Image-text web data
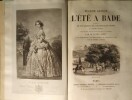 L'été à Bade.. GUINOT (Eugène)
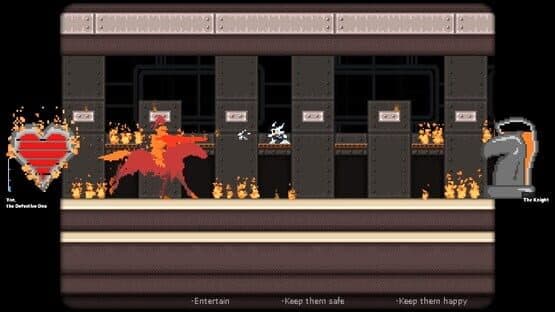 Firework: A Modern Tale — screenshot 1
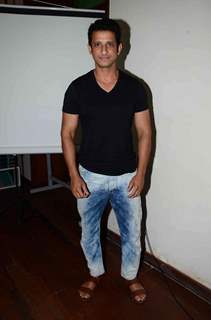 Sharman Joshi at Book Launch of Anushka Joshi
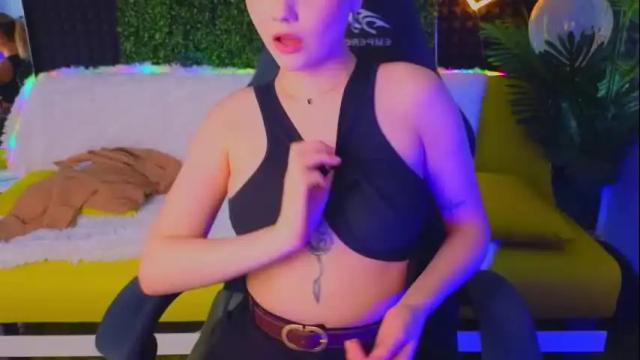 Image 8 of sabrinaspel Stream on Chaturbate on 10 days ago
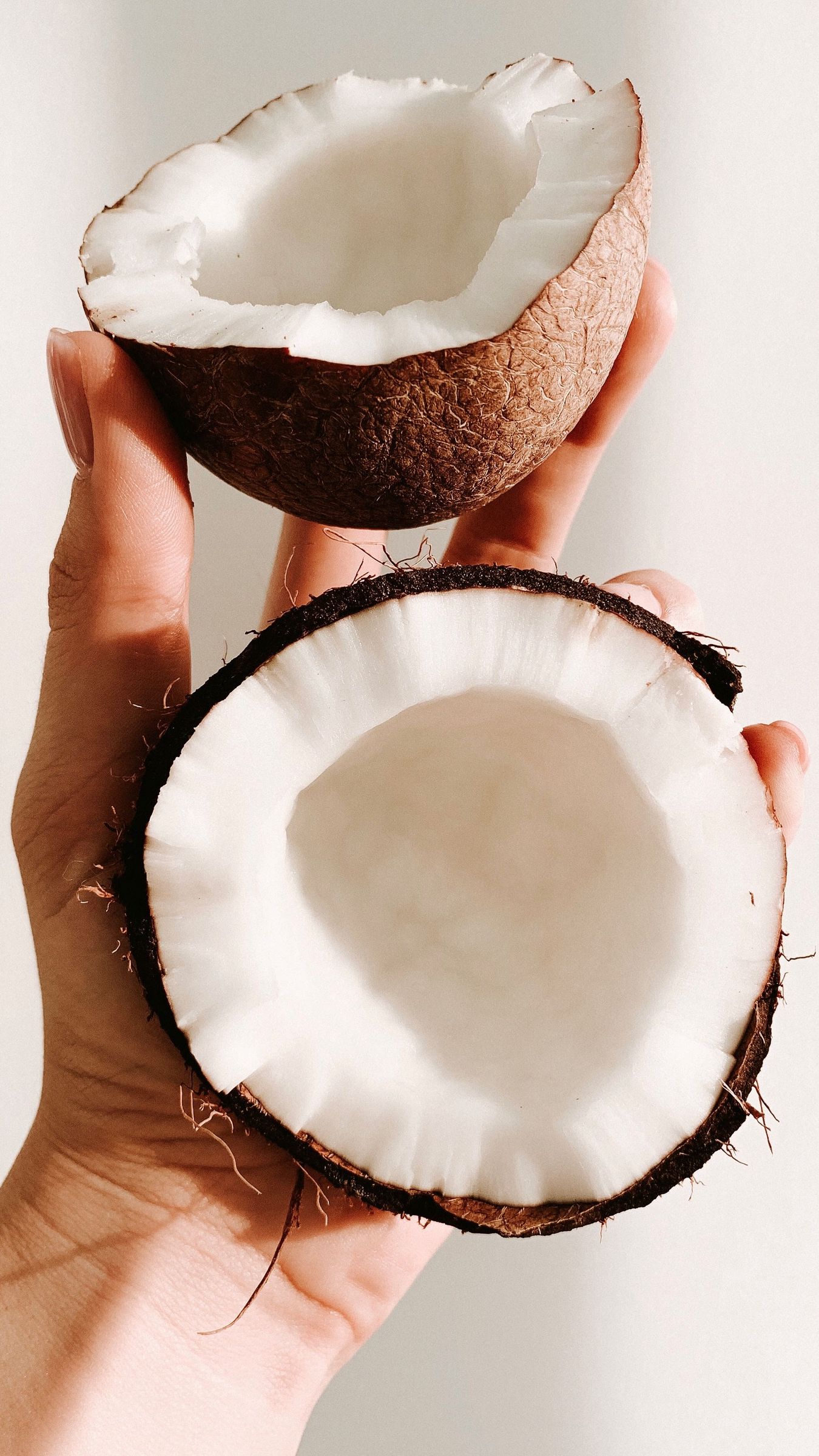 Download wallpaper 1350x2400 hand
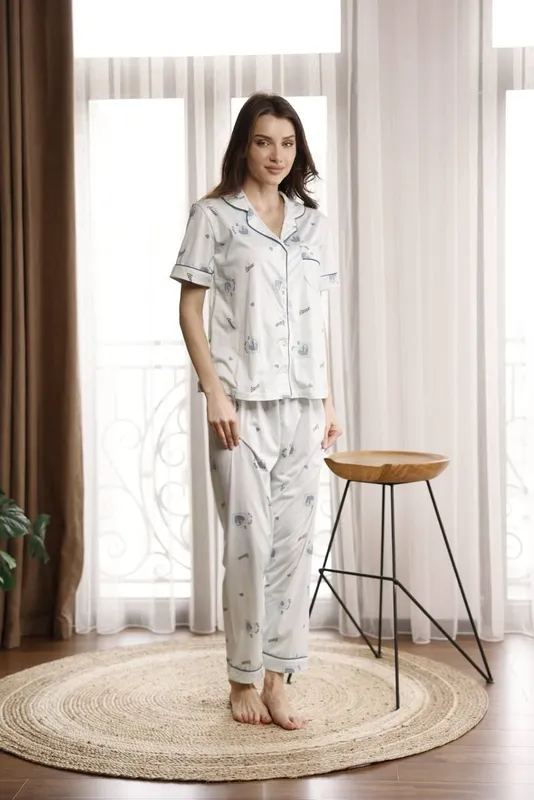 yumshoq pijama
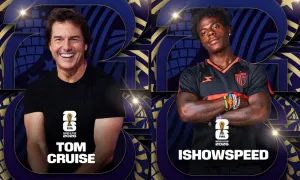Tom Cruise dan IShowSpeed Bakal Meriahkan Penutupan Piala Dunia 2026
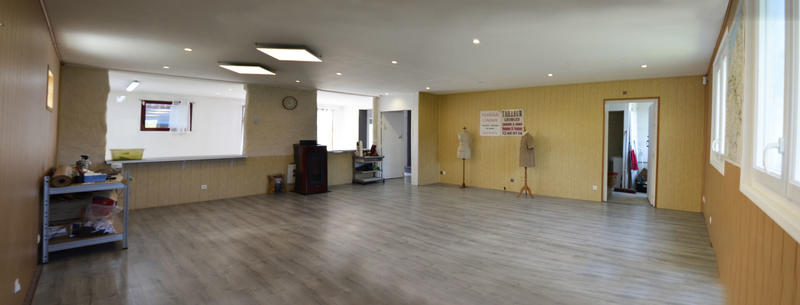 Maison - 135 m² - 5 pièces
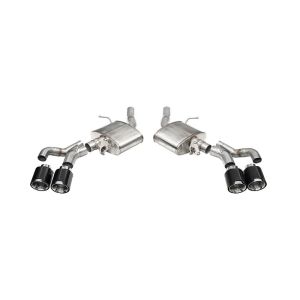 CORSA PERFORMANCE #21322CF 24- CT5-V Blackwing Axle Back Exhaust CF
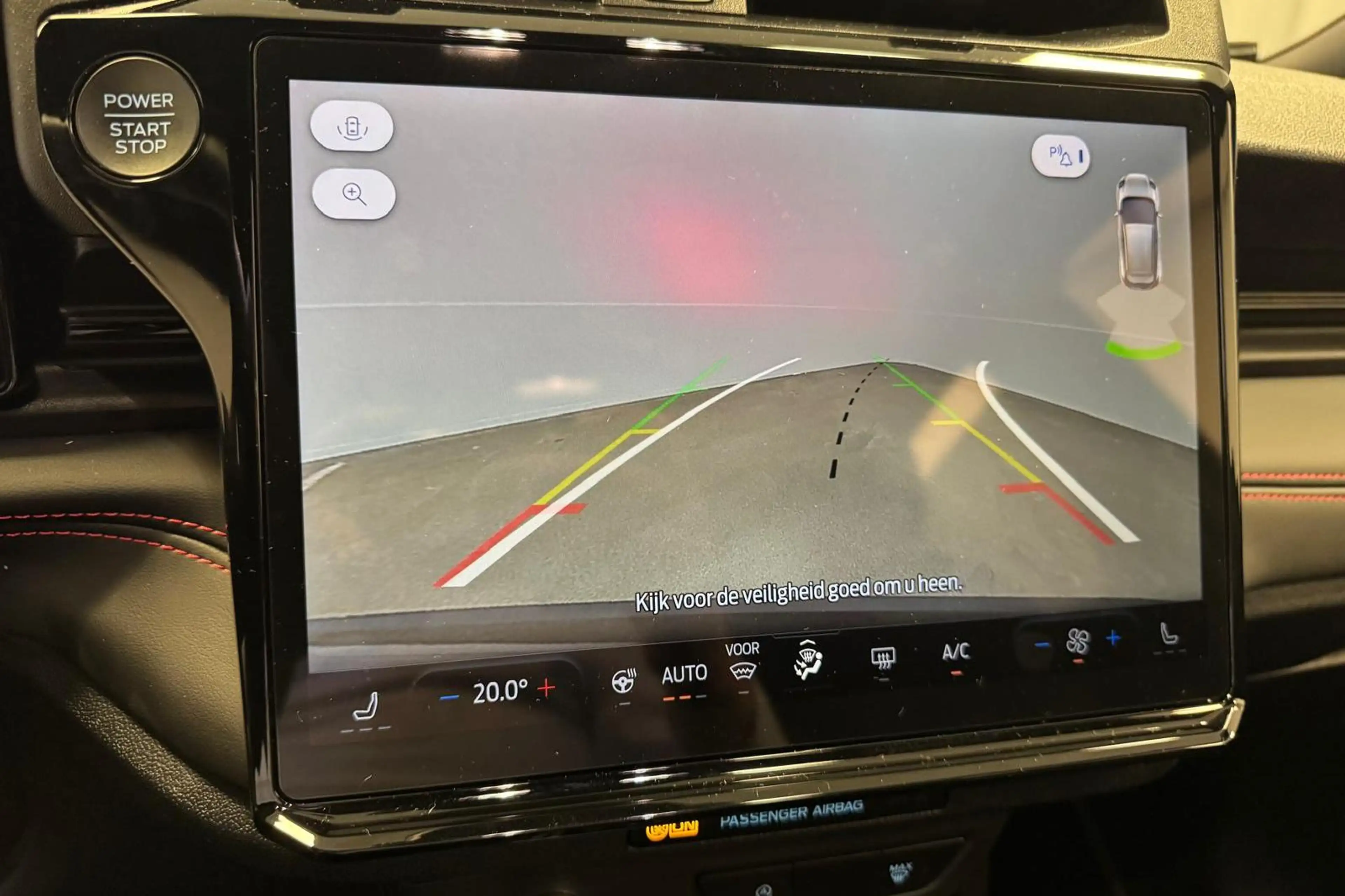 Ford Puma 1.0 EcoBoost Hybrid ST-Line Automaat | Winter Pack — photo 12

» **What you are asked to do**
Set down every entry above again exactly, dropping each picture.

» **Task response**
 L'été à Bade.. GUINOT (Eugène)
 Firework: A Modern Tale — screenshot 1
 Sharman Joshi at Book Launch of Anushka Joshi
 Image 8 of sabrinaspel Stream on Chaturbate on 10 days ago
 Download wallpaper 1350x2400 hand
 yumshoq pijama
Tom Cruise dan IShowSpeed Bakal Meriahkan Penutupan Piala Dunia 2026
 Maison - 135 m² - 5 pièces
 CORSA PERFORMANCE #21322CF 24- CT5-V Blackwing Axle Back Exhaust CF
 Ford Puma 1.0 EcoBoost Hybrid ST-Line Automaat | Winter Pack — photo 12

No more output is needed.